- SOURCE MATERIAL:
++++++++
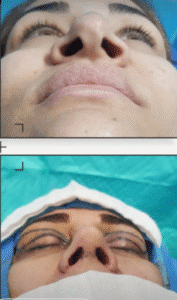 نمونه عمل بینی دکتر پریسا نظرپور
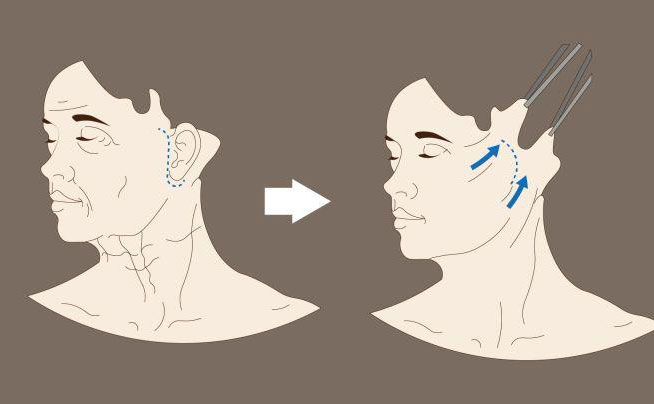 電波拉皮一次大概多少錢？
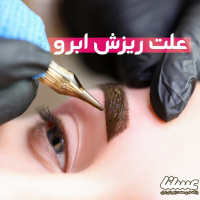 دلایل ریزش ابرو را بشناسیم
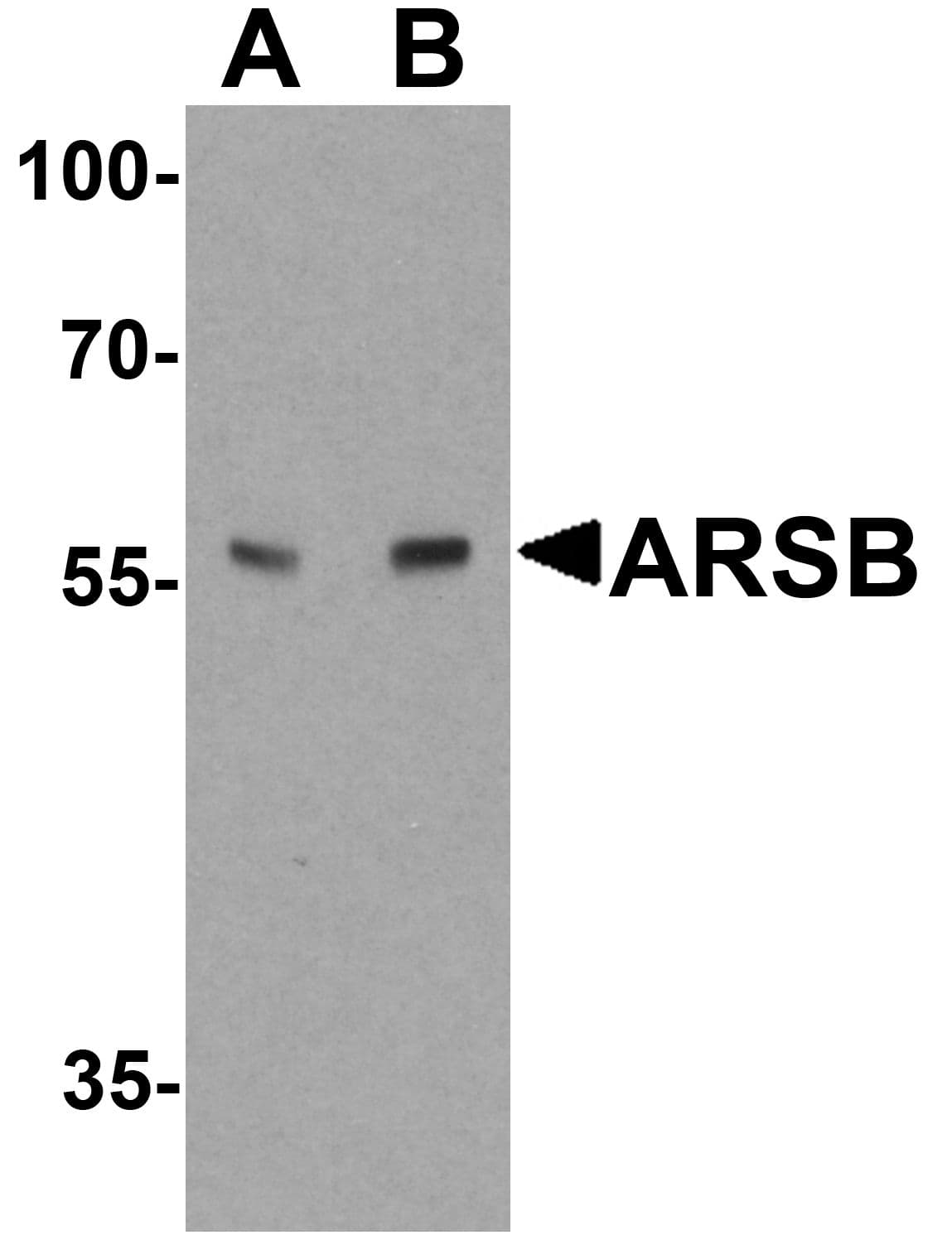 IHC-plus™ Polyclonal Rabbit anti-Human ARSB / Arylsulfatase B Antibody (IHC, IF, WB)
++++++++
- WHAT THE TASK ASKS: Please output the lines from the line that holds "دلایل ریزش ابرو را بشناسیم" through the final line of the material above, both included. Each line must match exactly, and pictures must be excluded.

- ANSWER SPACE:
 دلایل ریزش ابرو را بشناسیم
 IHC-plus™ Polyclonal Rabbit anti-Human ARSB / Arylsulfatase B Antibody (IHC, IF, WB)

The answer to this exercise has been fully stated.